Nintendo is the bitch of the gaming world, it changes its mind all the time and it expects you to know what it wants you to do, and you’re all like, wait, how am I supposed to KNOW what you want me to do if you won’t tell me, and it’s all YOU SHOULD JUST KNOW THESE THINGS, and you’re all, I’M NOT FUCKING PSYCHIC, and it’s like WELL MAYBE YOU SHOULDN’T HAVE BOUGHT ME, and I’m all like, BUT YOU HELD BAYONETTA RANDSOME SO I HAD NO CHOICE YOU FUCKING LUNATIC, and it’s screaming all like HOW THE FUCK ELSE WAS I SUPPOSED TO MAKE YOU LOVE ME, and so I’m all MAYBE BY SCRAPPING THE STUPID GIMMICKS AND GIVING ME SOME GAMES I GENUINELY WANT AND ENJOY PLAYING, NOT SOME BULLSHIT WITH MIIS OR WHATEVER, and at this point Nintendo is like sob-screaming, all barely comprehensible, all like I DON’T HAVE THE TIME OR THE RESOURCES ANYMORE YOU KNOW THAT, so I go THAT’S FUCKING HORSESHIT YOU LIAR, YOU’VE BANKED LIKE TWO HUNDRED AND FIFTY SEVEN MILLION DOLLARS. GIVE ALL OF YOUR EMPLOYEES A DECENT RAISE AND GET THEM WORKING ON NEW, REALLY GOOD ZELDA GAMES OR METROIDS OR SOMETHING. YOU HAVE MORE RESOURCES THAN YOU KNOW WHAT TO DO WITH. YOU’RE LIKE A FAT KID WHO HAS ALL OF THE CANDY BUT INSTEAD OF EATING THE CANDY HE’S JUST CHEWING THE SAME SHITTY PIECE OF FLAVORLESS GUM. I DON’T EVEN KNOW WHO THE FUCK YOU ARE ANYMORE. And then Nintendo is just going A BLOO BLA BLOOOO! because it wants to play the sympathy card and make you lower your guard and forgive it, but no. I’m staying strong on this one. Fuck the Wii U.

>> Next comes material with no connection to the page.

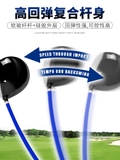 Gậy Driver Cán Dẻo Tập Swing Golf - Flexible Wooden Club for Golf Swing Practice - PGM HGB018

Yeah I realize the crux of this award is the same as one Renegade did last year but whatever. So congrats to Nintendo on sweeping our awards for shitty consoles two years running now. Apparently they have a vision and are sticking to it.

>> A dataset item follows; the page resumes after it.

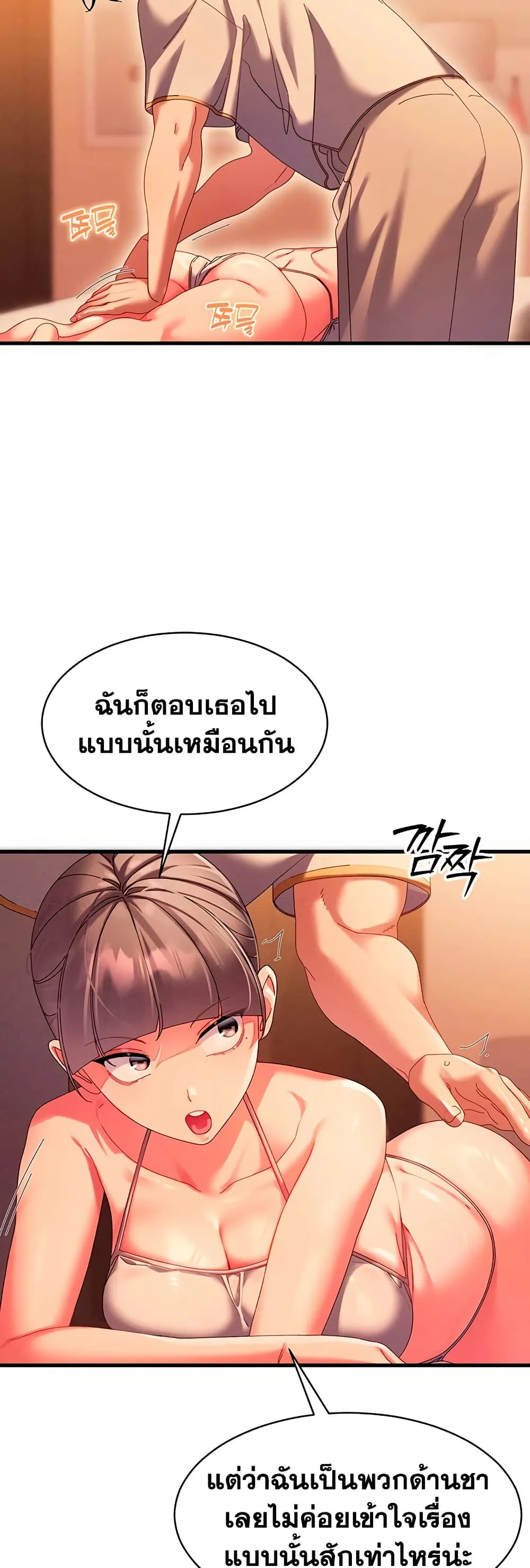  New Town Massage ตอนที่ 9 หน้า 36 - โดจินแปลไทย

Okay whatever there’s some bullshitty awards for you this year, because we have this strange sense of obligation to do an awards thing every single year even now when we maybe review three things during that timeframe. Until next year, fuck you and have a great whatever. Maybe this year we’ll get another couple of good games. Maybe an acceptable one. And absolutely we will get about seventeen thousand and three god awful ones that IGN gives 9.82/10 and spends 70% of the review talking about graphics and “visual fidelity” or something.

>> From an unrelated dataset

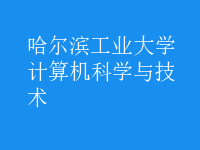 計算機科學與技術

Also, maybe we should start a pool on whatever controversy Kotaku will throw themselves headfirst into this year. I’m going with grand larceny. Yeah, you might think I’m crazy for thinking that a web-based company could actually physically steal something from you, but I think they’re gonna try real hard and make it happen this year. Let’s go, kotakunts! You can do it! If you work at it, you can somehow do the impossible and find a way to become even worse than you already are. I believe in you.